Do not repeat pictures. Repeat exactly the lines of the listing below from its first line through the line with "Ensemble de table".

INFORMATION SHOWN:
|---|

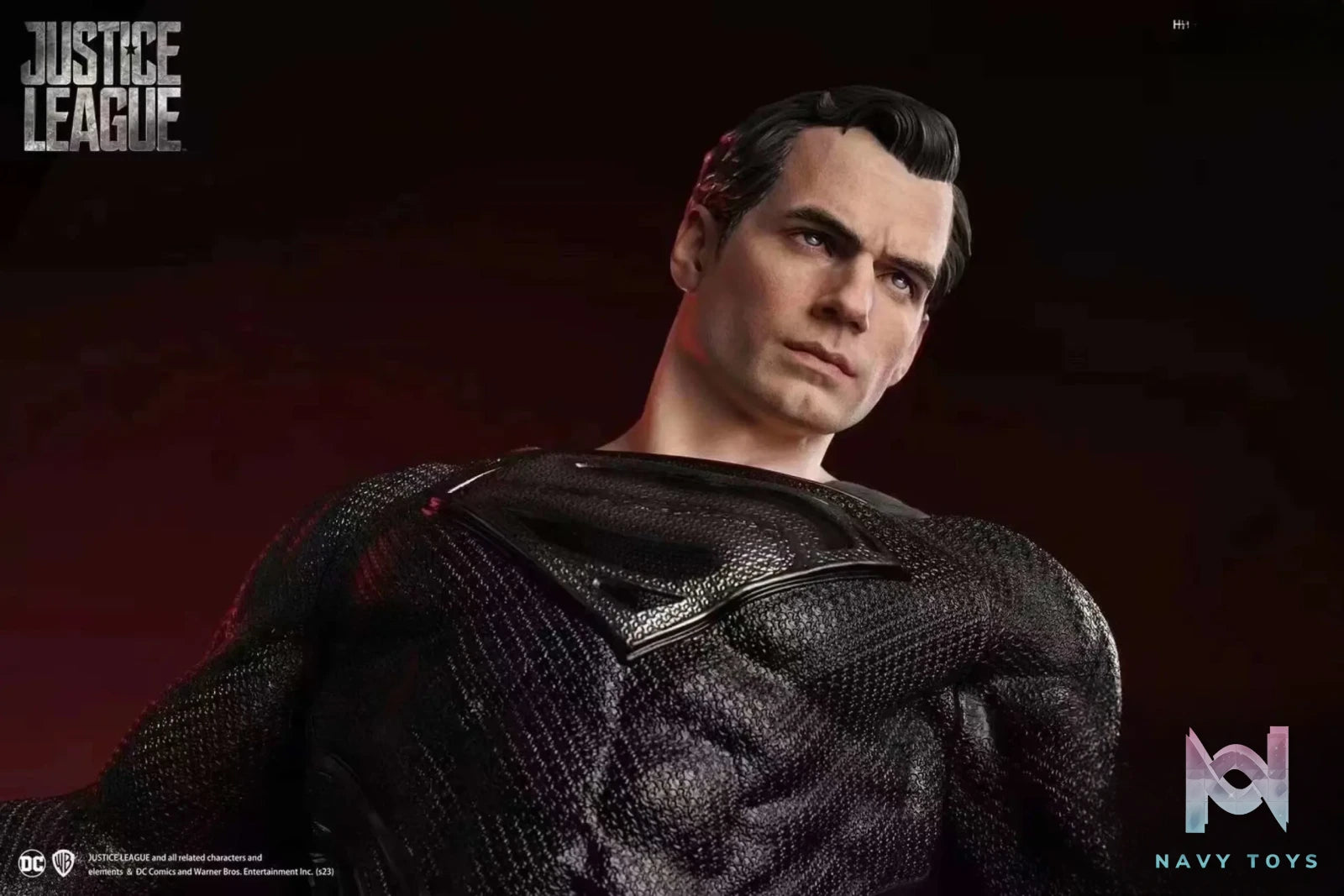 Queen Studio – DC Black Superman (Licensed)
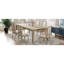 Ensemble de table de salle à manger extensible 7 pièces 78,1 pouces avec rallonge amovible de 18 pouces, 6 chaises de salle à manger rembourrées, 2 tiroirs intégrés-1734320279-1734320265-1734320267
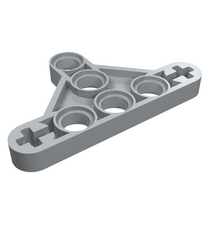 LEGO - Technic, hefarm gemodificeerd dun driehoekig 3 x 5 met korte steunen - Light Bluish Gray | N - Thumbnail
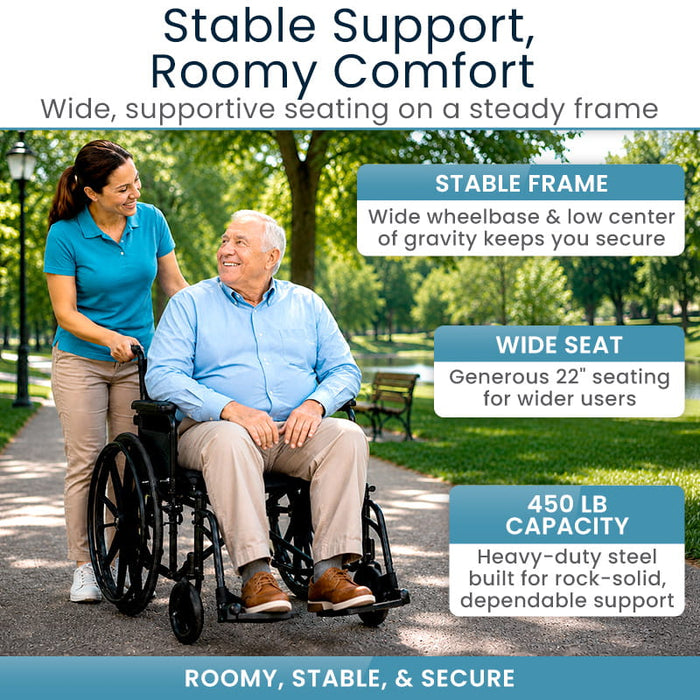 Stable Support, Roomy Comfort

|---|

RESPONSE BOX:
 Queen Studio – DC Black Superman (Licensed)
 Ensemble de table de salle à manger extensible 7 pièces 78,1 pouces avec rallonge amovible de 18 pouces, 6 chaises de salle à manger rembourrées, 2 tiroirs intégrés-1734320279-1734320265-1734320267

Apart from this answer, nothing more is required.